= Exercise aim =
From the line containing "Marc Jacobs Flat Sandals size 38" down to the line containing "134 LONGVIEW DR, Lake Harmony, PA 18624", copy out the entries below exactly, both lines included, and nothing else; pictures do not belong in the copy.
Segment Start: Provided data
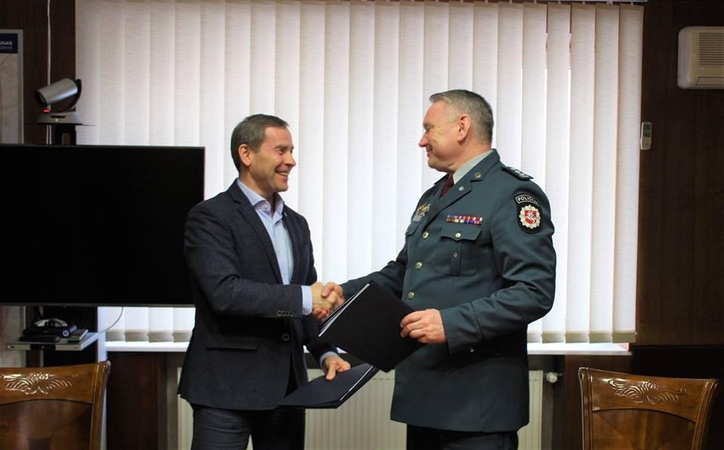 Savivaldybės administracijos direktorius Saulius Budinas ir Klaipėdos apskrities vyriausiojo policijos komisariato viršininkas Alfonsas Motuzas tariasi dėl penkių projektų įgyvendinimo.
Segment End: Provided data
Segment Start: Provided data
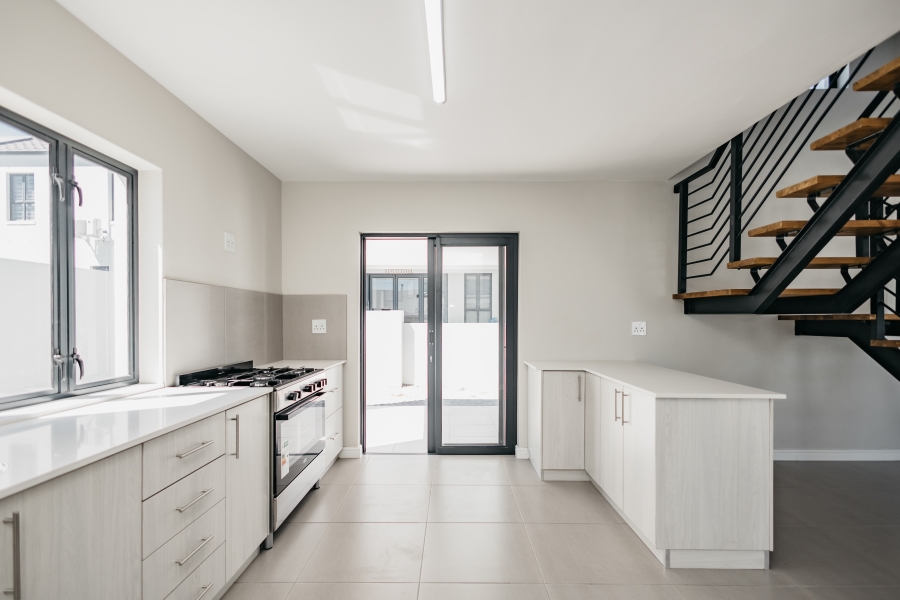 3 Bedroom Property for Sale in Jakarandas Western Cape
Segment End: Provided data
Segment Start: Provided data
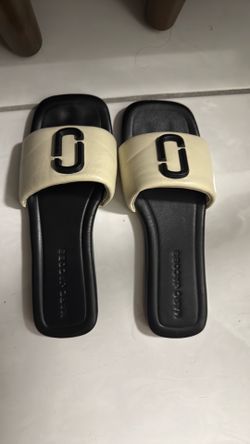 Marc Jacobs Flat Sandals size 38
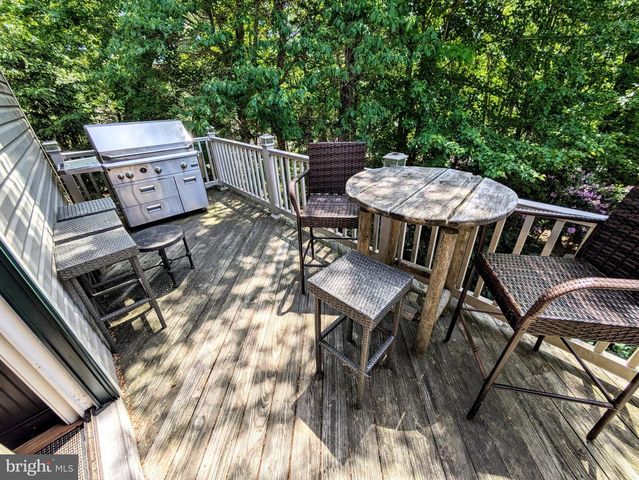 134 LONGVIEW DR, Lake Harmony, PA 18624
Segment End: Provided data
= Exercise response =
 Marc Jacobs Flat Sandals size 38
 134 LONGVIEW DR, Lake Harmony, PA 18624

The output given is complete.